Die Diskussionen vor Ort zeigen aber auch, daß vom Land inhaltliche Begleitmaßnahmen angeschoben werden müssen. Die Kommunalpolitiker benötigen einen Orientierungsrahmen und erwarten zu Recht Regelungen, die zur Flankierung einer Kommunalreform erforderlich sind. In den vorgesehenen Umsetzungszeitraum fallen zudem zahlreiche Entscheidungen, die weit in die Zukunft reichen. Um Fehlentwicklungen möglichst auszuschließen, brauchen wir deshalb frühzeitig grundsätzliche Regelungen.

Diesem Anliegen widmet sich der Ihnen heute von der Landesregierung vorgelegte Entwurf eines Ersten Vorschaltgesetzes zur Kommunalreform. Wir beschreiten mit diesem Gesetz einen Weg, wie ihn alle Länder, die schon eine Kommunalreform durchgeführt haben, beschritten haben.

Bevor ich auf den Inhalt im einzelnen eingehe, möchte ich noch eine Bemerkung zur Terminierung dieses Vorschaltgesetzes vorwegschicken. Ich sagte bereits, daß die politische Diskussion um die konkreten Inhalte der Kommunalreform noch andauert. Dabei geht es auch um die Zahlen des Leitbildes. Gleichwohl sind jetzt schon flankierende Maßnahmen zu beschließen, um

Fehlentwicklungen zu vermeiden. Wir alle kennen zahlreiche Beispiele mit unerwünschten Folgen. Ich erinnere nur an das „Schiff“ in Staßfurt und an das Landratsamt in Genthin.

Das Vorschaltgesetz wird folglich bewußt parallel zur laufenden politischen Diskussion eingebracht. Dieser Umstand ist in der Sache unschädlich, da das Vorschaltgesetz keine Vorentscheidung bezüglich der Größe künftiger kommunaler Einheiten und ihres konkreten Zuschnitts beinhalten muß. Der vorgelegte Gesetzentwurf stellt besser gesagt den Einstieg in die freiwillige Phase der Kommunalreform dar.

Ich möchte noch einmal betonen, daß es dagegen im Land nur noch vereinzelten Widerstand gibt. Im Gegenteil, durch die jüngsten Beiträge der kommunalen Spitzenverbände, insbesondere durch die Stellungnahme des Städte- und Gemeindebundes, wurde die Notwendigkeit, eine Reform durchzuführen, nachhaltig unterstrichen.

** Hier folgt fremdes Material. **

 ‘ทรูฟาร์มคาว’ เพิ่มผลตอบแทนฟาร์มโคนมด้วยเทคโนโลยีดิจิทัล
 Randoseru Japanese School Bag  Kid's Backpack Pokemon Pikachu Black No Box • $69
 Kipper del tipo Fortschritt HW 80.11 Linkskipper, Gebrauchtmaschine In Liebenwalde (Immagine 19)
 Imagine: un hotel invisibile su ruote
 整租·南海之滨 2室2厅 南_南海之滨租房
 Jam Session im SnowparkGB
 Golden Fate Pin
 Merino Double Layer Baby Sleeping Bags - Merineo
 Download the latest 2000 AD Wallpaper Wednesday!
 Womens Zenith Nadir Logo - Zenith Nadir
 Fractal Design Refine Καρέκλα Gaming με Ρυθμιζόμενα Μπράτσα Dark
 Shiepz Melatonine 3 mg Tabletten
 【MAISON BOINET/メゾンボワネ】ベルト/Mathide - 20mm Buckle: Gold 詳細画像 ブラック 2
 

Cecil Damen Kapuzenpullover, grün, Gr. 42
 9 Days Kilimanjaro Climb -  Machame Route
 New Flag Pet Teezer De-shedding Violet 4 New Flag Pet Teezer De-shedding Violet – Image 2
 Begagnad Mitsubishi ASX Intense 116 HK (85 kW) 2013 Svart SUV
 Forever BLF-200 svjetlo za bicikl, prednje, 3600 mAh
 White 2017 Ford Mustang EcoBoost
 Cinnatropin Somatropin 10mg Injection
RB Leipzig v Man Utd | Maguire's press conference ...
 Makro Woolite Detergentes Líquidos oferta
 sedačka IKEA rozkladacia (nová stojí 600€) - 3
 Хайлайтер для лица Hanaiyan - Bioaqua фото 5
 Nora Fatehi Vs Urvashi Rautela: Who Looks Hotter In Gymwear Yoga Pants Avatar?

Im Kern unterstützt diese Stellungnahme alle Eckdaten des Leitbildes zur gemeindlichen Ebene. Teilweise werden sogar Vorstellungen entwickelt, die über das Leitbild hinausgehen. Auch die in der Stellungnahme enthaltenen zahlenmäßigen Anforderungen an die Größe künftiger gemeindlicher Einheiten sind, soweit sie vom Leitbild überhaupt abweichen, akzeptabel.

Ich würde es begrüßen, wenn der Landtag sich die Kernpunkte des Papiers zu eigen machen würde, vielleicht schon im Zusammenhang mit der Verabschiedung des Vorschaltgesetzes, zum Beispiel in Form einer Entschließung. Meine Hoffnung, daß dies möglich sein sollte, wird durch die positiven Signale der letzten Tage, die von der PDS und von der CDU ausgegangen sind, bestärkt. Ich denke dabei an das letzte Wochenende. Lassen Sie uns gemeinsam diesen Schwung aufnehmen und die Reform umsetzen.

Ich möchte es an dieser Stelle nicht versäumen, vor allen Dingen dem Städte- und Gemeindebund zu danken, der sich bei dem für ihn gewiß nicht einfachen Unterfangen so engagiert und offen zum Leitbild bekennt.